Dans son enfance, Mamadou est hébergé par sa grand mère, car ses deux parents sont décédés avant l'âge de 5 ans. Son beau père vit dans un autre quartier, avec trois enfants, deux garçons et une fille.

Adolescent, il aime jouer au basket. Il accompagne aussi souvent sa grand mère sur les marchés pour l'aider à faire les courses. À partir de 12-13 ans, Mamadou part régulièrement avec ses amis en forêt. Ils se baignent dans les mares formées par des trous creusés par des pelleteuses pour récupérer le sable pour les constructions.

- « C'est là-bas que j'ai commencé à faire l'amour, avec des amis du quartier. Mais en ce temps-là, on ne connaissait pas l'homosexualité. Certains garçons ne veulent pas et il faut se cacher pour faire l'amour. »

Il est souvent interpellé par ses amis du quartier :

- « Pourquoi tu n'as pas d'amoureuse ? ».
Et Mamadou de rigoler et de leur dire qu'il n'est pas prêt pour les filles.

- « Les filles, c'est pour après. Il ne faut surtout pas dire que tu ne le fais pas avec des filles, parce qu'ils vont dire que tu es gay. »

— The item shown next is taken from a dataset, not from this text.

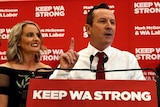 Mark McGowan makes a number one sign during victory speech while standing next to his wife.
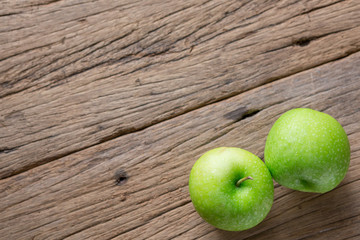 Fresh Green Apple on Wood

Vers l'âge de 18 ans, en 2008, Mamadou fait la rencontre de Djibril*. Il le décrit comme plus jeune et plus petit que lui, mais il dit aussi qu'il est plus musclé, avec une peau beaucoup plus sombre. Parfois, ils se voient très souvent, parfois moins, car le père de Djibril* lui demande parfois de travailler avec lui.

- « J'étais fidèle mais je pense que Djibril* le faisait aussi avec d'autres garçons. » Pour Mamadou, ce n'est pas facile de traduire en français les sentiments qu'il éprouve pour Djibril. Je crois comprendre que le plus important est qu'ils se sentaient complices. Ils emportent parfois des matelas pour dormir à la belle étoile. Mamadou se souvient en riant de ces soirées où les discussions pouvaient durer des heures et des heures. Ils sont restés ensemble pendant quatre ans, jusqu'en 2012.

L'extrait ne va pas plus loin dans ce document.